Updated on August 19, 2016

Just recently, the surviving members of legendary hard rockers Led Zeppelin were called to stand trial. The estate of Randy California, founding member of psychedelic rockers Spirit, accused the band for plagiarizing the guitar bit in Spirit's instrumental piece "Taurus" and using it as the opening for Zeppelin's 1971 masterpiece "Stairway to Heaven." For hardcore music fans, this was nothing new as this was caught by music listeners years ago. Earlier this year, Zeppelin came out victorious with a not guilty verdict.

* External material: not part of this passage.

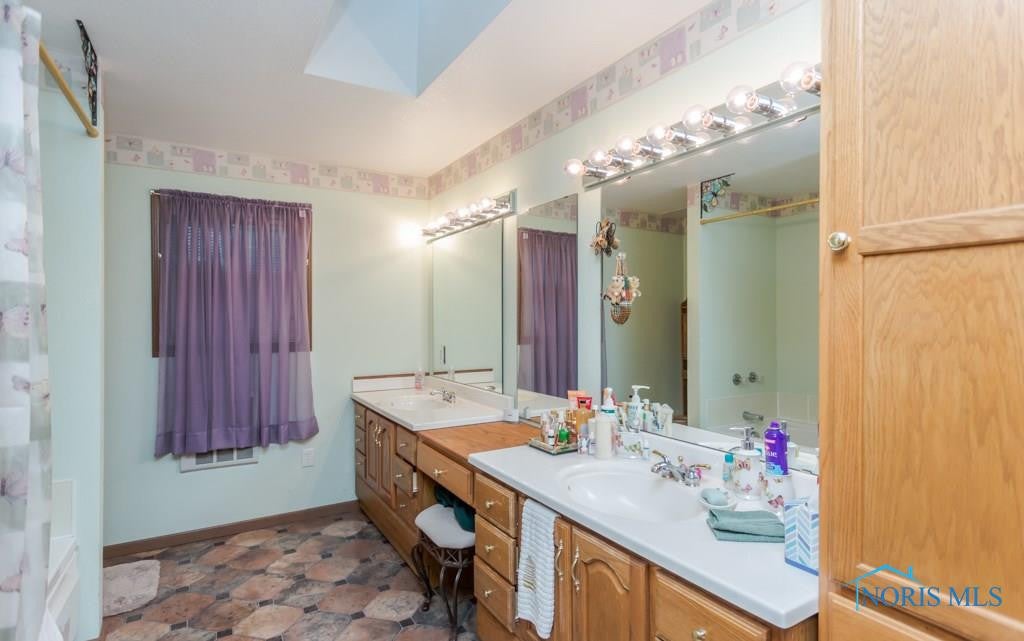 2253 Manoa Road Toledo, OH 43615 - Photo 21 of 33 Gallery Image 21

So what is there to say about this Spirit band? Was the band's music significant to the history of rock music? While that is up for debate, Spirit do have an interesting backstory. While they certainly weren't as influential as the mighty Led Zeppelin, Spirit did release some great music from 1968 to 1970. Of the band's rather large discography, fans would agree that their best material can be found on their first four albums. Of those four album, Twelve Dreams of Dr. Sardonicus is considered by many to be their best. Personally, I would agree with all of this. Spirit were such an underrated band that were unfortunately plagued with some bad luck. Not only is Twelve Dreams my favorite album by the band but it's also one of my all time favorite albums (and yes- I do have a list of this!). Twelve Dreams can be found somewhere in my top 100- so it's safe to say that I think highly of this album and Spirit.

Early years and the first three albums (1966-69)

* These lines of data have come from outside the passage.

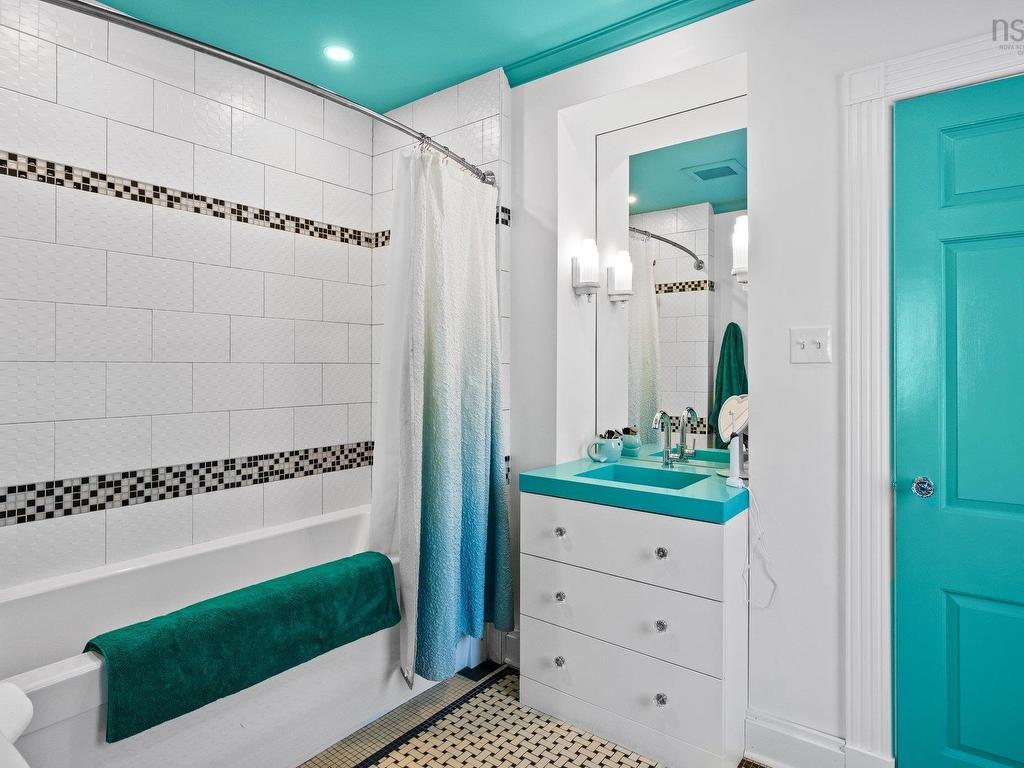 












1936 Bloomingdale

,
Halifax,




NS
B3H 4E5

The story of Spirit starts sometime in the summer of 1966. It was around that time that 15 year old guitarist Randy Wolfe had moved from Los Angeles to New York City. His mother, Bernice, had married jazz drummer Ed Cassidy- who was now Wolfe's stepfather. It was while in New York City where Wolfe joined a band called Jimmy James and the Blue Flames. However, Jimmy James saw that he had two people named Randy in his band- Wolfe and Randy Palmer. James decided to give his bandmates stage names based off where they came from. For Palmer, he was now Randy Texas. For Wolfe, he was now Randy California. Jimmy James would later become Jimi Hendrix. When Chas Chandler of the Animals became interested in managing Hendrix, he asked for him to come over to England. Hendrix supposedly wanted California to come with him but his parents were against it- citing California had to stay in school. Hendrix would end up going to England and formed what became the Jimi Hendrix Experience.

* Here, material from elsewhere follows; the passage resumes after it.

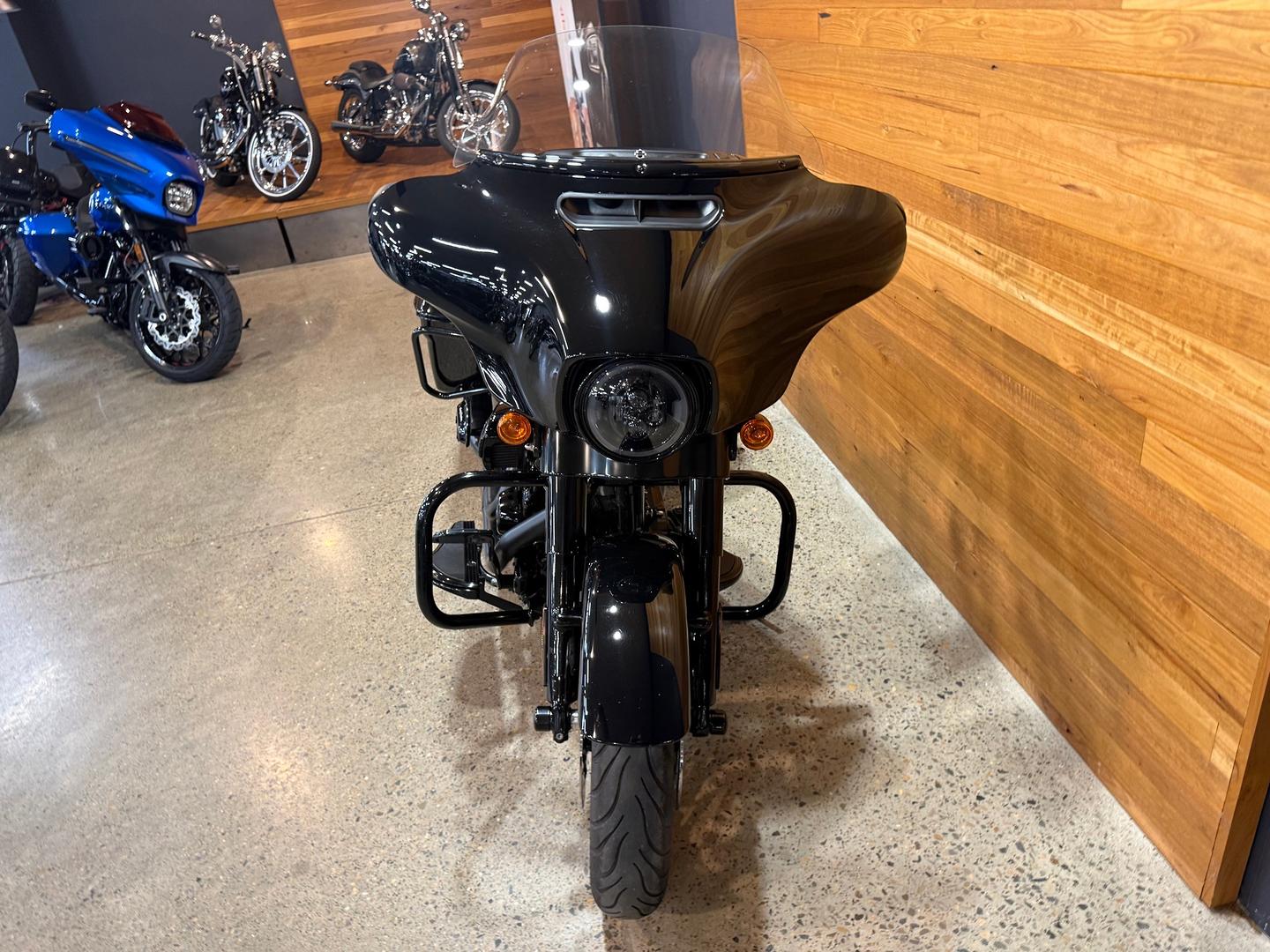 2019 HARLEY-DAVIDSON FLHXS STREET GLIDE SPECIAL 114 CRUISER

Despite not going with Hendrix, California was able to form a new band. By 1967, his family had moved back to Los Angeles. It was there that California would form a new band with his stepfather Ed Cassidy. Completing the line-up was singer Jay Ferguson, bassist Mark Andes and keyboardist John Locke. Originally, the band chose the name Spirits Rebellious before deciding to shorten it to Spirit. The band played around the LA area until producer Lou Adler took notice of them. By August 1967, the band were signed by Adler to Ode Records. In early 1968, the band released their self-titled debut album. The album featured songs such as "Fresh Garbage," "Mechanical World" and the soon-to-be controversial "Taurus." The album did fairly well for a debut album, charting at #31. The band followed it up with another two Adler produced albums- The Family That Plays Together in 1968 and Clear in 1969. The former featured the band's biggest hit single "I've Got a Line on You" while the latter was recorded around the time the band were recording the soundtrack to Jacques Demy's 1969 film Model Shop. Aside from "I've Got a Line On You," the band were almost unknown. The band did tour with Led Zeppelin in 1969 and were on tour with their fellow LA rockers.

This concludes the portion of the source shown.